De manière un peu schématique, on identifie dans l’histoire de la terre :
– des périodes de « greenhouse » (serre),
– des périodes de « icehouse » (glacière).
La diversité et l’abondance des assemblages de foraminifères planctoniques, de coccolithes indiquent que le climat sous lequel la craie s’est formée était de type tropical et que la température des eaux de surface était d’au moins 20°C (voir les valeurs de δ18O). Les glaces ne recouvraient pas (ou alors très peu) les pôles. On parle parfois de climat « à effet de serre » en évoquant le Crétacé. Les récifs, les marécages et même les dinosaures pouvaient atteindre ou dépasser des latitudes supérieures à 60°. La composition des gaz atmosphériques était différente, avec notamment plus d’O2 et de CO2 (de 1,5 à 8 fois plus de CO2 qu’aujourd’hui, Berner, 1994).
Voici un premier graphique (Pucéat et al., 2003) montrant l’évolution des températures moyennes au Crétacé basé sur les valeurs du δ18O, ce paramètre étant généralement considéré comme un bon thermomètre.
Ce graphique (Jenkyns et al., 2004) montre l’évolution des températures de surface de la mer de la craie, au Sud de l’Angleterre, soit à une paléolatitude d’environ 40°N (correspondant à la Sardaigne actuelle), soit une dizaine de degrés plus au Sud.

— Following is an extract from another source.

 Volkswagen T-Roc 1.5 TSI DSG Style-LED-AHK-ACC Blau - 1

La température moyenne de l’eau de mer de surface a pu atteindre 28°C à la limite Cénomanien – Turonien dans le bassin anglo-parisien, 30-32°C en Turquie (Yilmaz, 2010),mais peut-être des valeurs extrêmes de 42°C dans l’Atlantique équatorial (Bice et al., 2006). C’est un des moments les plus chauds de l’histoire de la terre (O’Brien et al. 2017), une époque à effet de serre que caractérisent :
- des niveaux extrêmes de CO2 atmosphérique,
- un mode particulier de circulation thermohaline,
- une anoxie marine fréquente.
Ensuite, les températures vont tendre à décroître tout en restant globalement fortes.

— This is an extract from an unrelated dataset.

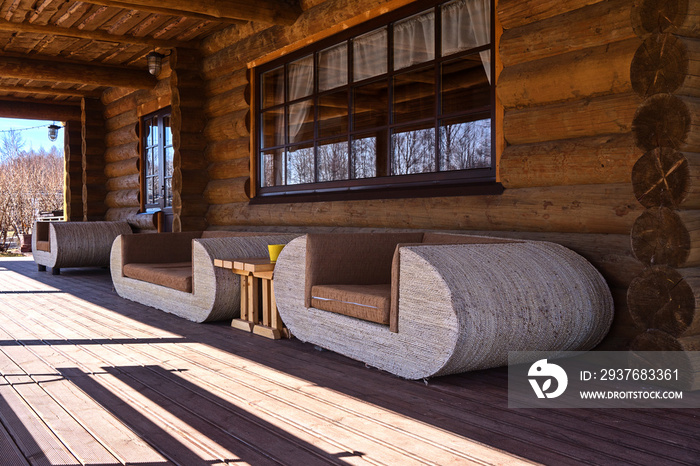 木屋露台上的白色沙发视图。家里的生态设计理念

Dans les environnements profonds, océaniques ou de talus, principalement à partir du sommet du Cénomanien et jusqu’au Maastrichtien, des marnes ou des scaglie rouges, riches en hématite et goethite finement disséminées, se déposent avec un faible taux de sédimentation. On les appelle des CORBs (upper Cretaceous Red Beds). Le Carbone Organique Total (TOC) y est très faible (inférieur à 1 pour mille). Ces CORBs témoigneraient du plongement vers les profondeurs d’eaux de surface froides et en conséquence bien oxygénées. On passerait ainsi d’épisodes euxiniques (= riches en H2S) ou OAEs (Oceanic Anoxic Events) à des périodes fortement oxiques plus longues ou CORBs associées à une forte ventilation océanique. La transition OAE/CORB, et vice-versa, est brutale, alors que les périodes anoxiques et oxiques peuvent durer de un à deux millions d’années.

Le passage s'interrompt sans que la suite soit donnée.